ITC-HS classification

  • 0909 61 00Seeds of anise, badian, caraway or fennel — neither crushed nor ground

Frequently asked

What is the difference between aniseed and star anise?

Aniseed is the small seed-spice fruit of Pimpinella anisum, an umbellifer. Star anise is the woody star-shaped fruit of Illicium verum, a different botanical family. Both are anethole-rich and taste of liquorice, but they are not interchangeable on a contract.

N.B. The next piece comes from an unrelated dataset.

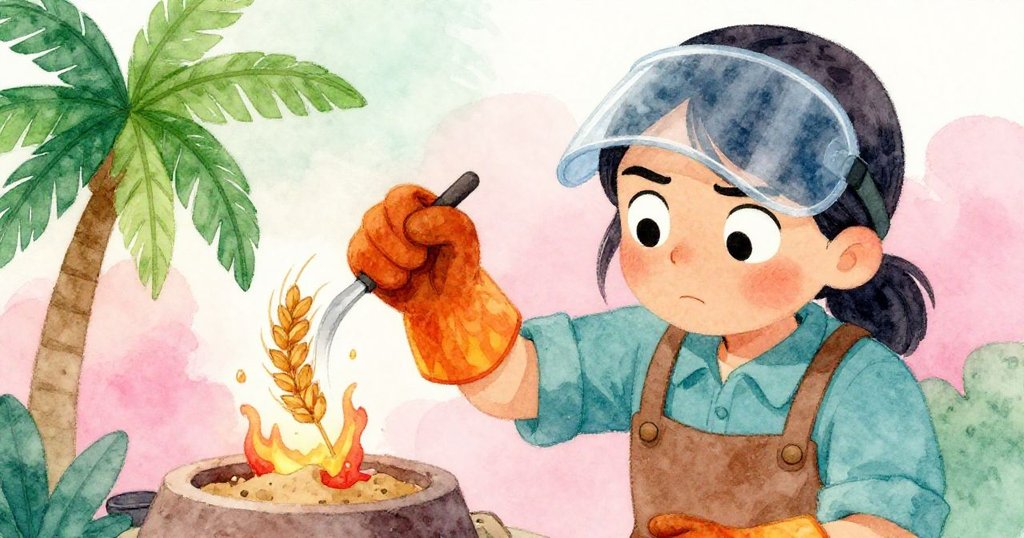 塔拉驚訝凝視,模具上飛濺水滴凝固成麥穗狀紋飾,湯勺細節生動呈現錯中求精的瞬間。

Can aniseed substitute for fennel, or vice versa?

They share the anethole liquorice note but differ in body and sweetness, and they trade at different prices. Formulators sometimes swap them, but for a defined product you should specify the species you actually want and test against it.

Why is aniseed usually sold whole?

Its aroma sits in a volatile oil that fades once the fruit is milled, and its anethole tends to crystallise. Whole seed keeps far better, so most buyers take whole aniseed and grind close to use.

What this page does not tell you

Volume
Shares HS 0909 61 with fennel/caraway; not separable.